Defined by personal relationships, loyalty, strong hierarchy and an utter respect for status, the Mexican business etiquette is quite an interesting one to look at. Even though the influences of the Mexican business culture tend to be more of a South American culture, the border with the United States had quite an impact on their professional etiquette. Have a read through the facts below and make sure you are well prepared through any encounter with your Mexican counterpart.

Primary Contact: Mexicans prefer a more personal relationship to their business counterparts, therefore it is advisable, if possible, to communicate everything in a face-to-face manner.

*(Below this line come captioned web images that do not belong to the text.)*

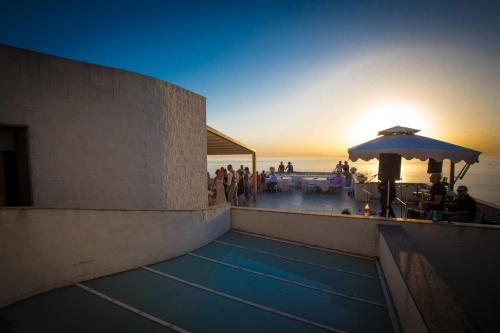 a swimming pool with an umbrella and people on the beach at Villa Solaria in Massa Lubrense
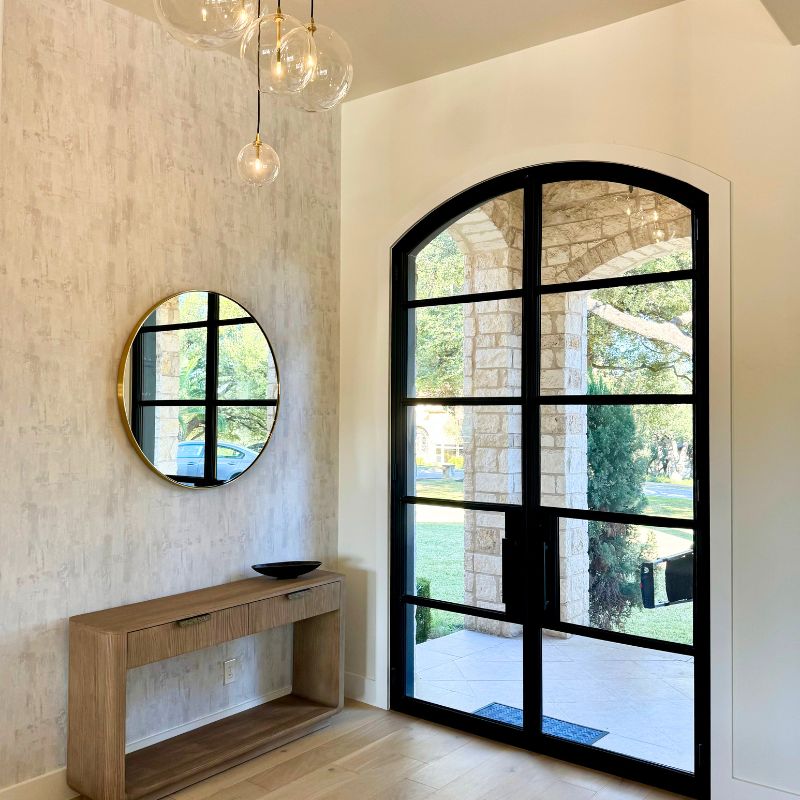 Contemporary Austin entrance with modern statement door and lots of light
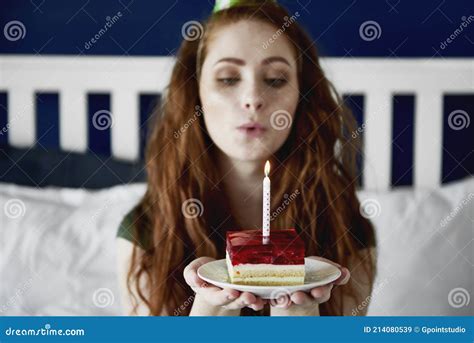 Redhead Woman Blowing A Birthday Candle On Cake Stock Image Image Of Home Celebration 214080539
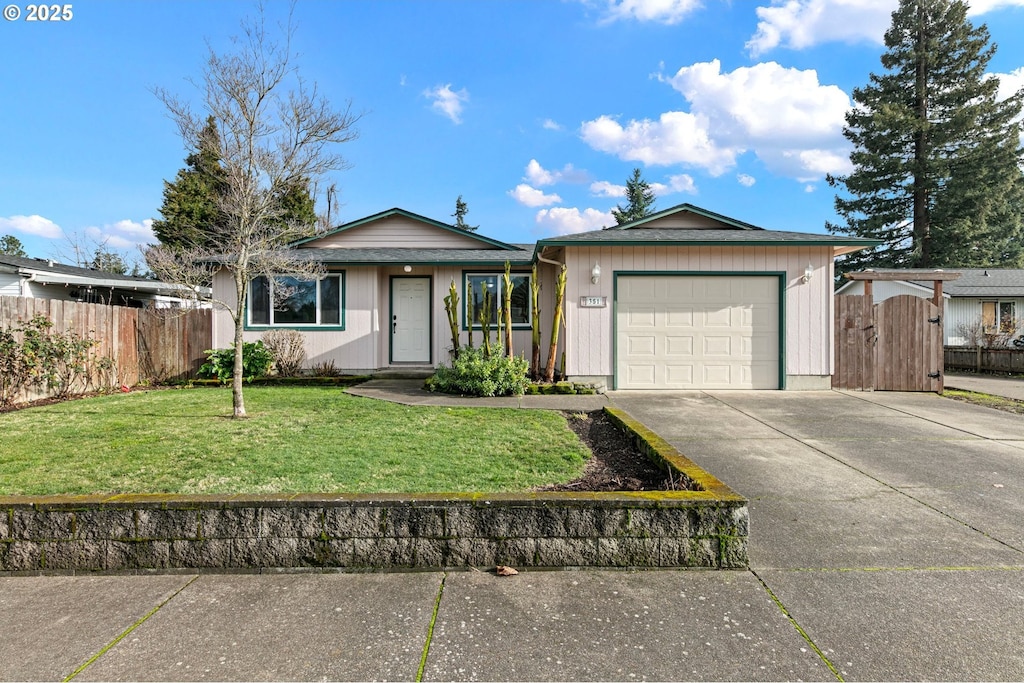 single story home featuring a front yard and a garage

If that is not a possibility, a call would be much more advised rather than a rigid email.

Punctuality: Mexicans tend to be quite flexible concerning time-management, comparing to other countries in North America. Out of respect, it is still quite important that you arrive on time to any professional meeting, however, you might be kept waiting until everyone makes an appearance.

Greetings: It is very important that you address your business counterparts with formal pronouns, followed by their surname. Regular handshakes are sufficient for greetings.

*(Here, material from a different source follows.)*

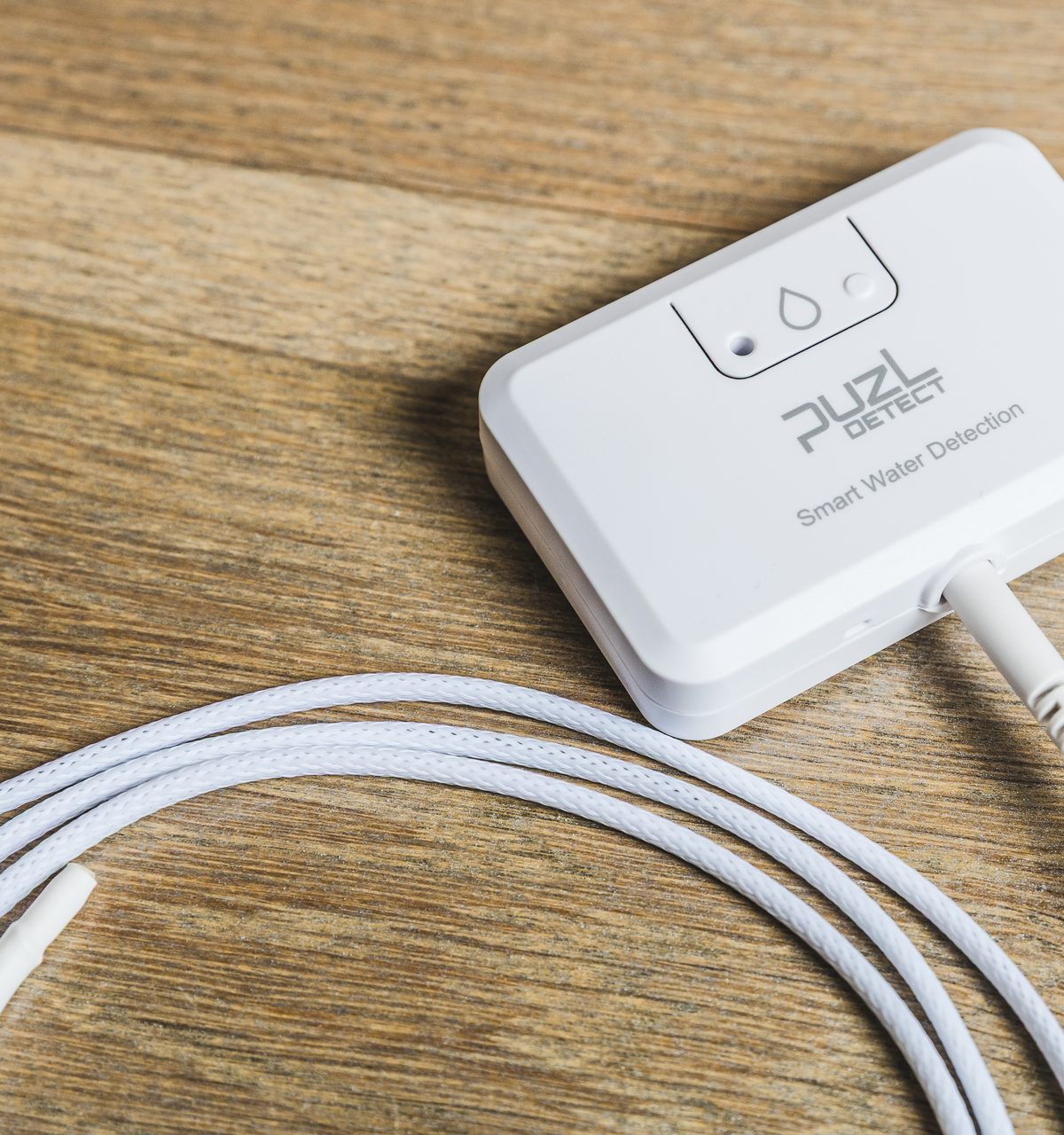 Close-up of a single PuzL Detect unit with its thin, flexible sensing cable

Gifting: Gifting is not considered to be a necessaire part of the Mexican business culture, however a small attention can get you a long way. If invited to a Mexican’s business collaborator house, it is appropriate to bring wine, chocolate or flowers.

Dress-code: Being such a status-conscious culture, dressing smart is quite a big part of their attire, this being an element that define a person’s importance and ranking. Therefore, it is quite important to be impeccably dressed in almost any professional setting.

Business Cards: When presenting your business card in Mexico, you should make sure you bring one that is translated into Spanish on one side. Business cards are usually handed at the beginning of the first meeting, without any formal ritual or introduction.

Meetings: Business meetings are considered within the Mexican business culture as a great source of information and idea-exchanging. Therefore, you can expect for them to take longer than initially set. Use this time in order to create a closer relationship to your business counterpart.

In conclusion, Mexican business culture, much similar to the South American cultures, are based on personal relationships and respectful communications. Make sure you take your time to establish a close relationship and even further, a potential friendship to your professional collaborator.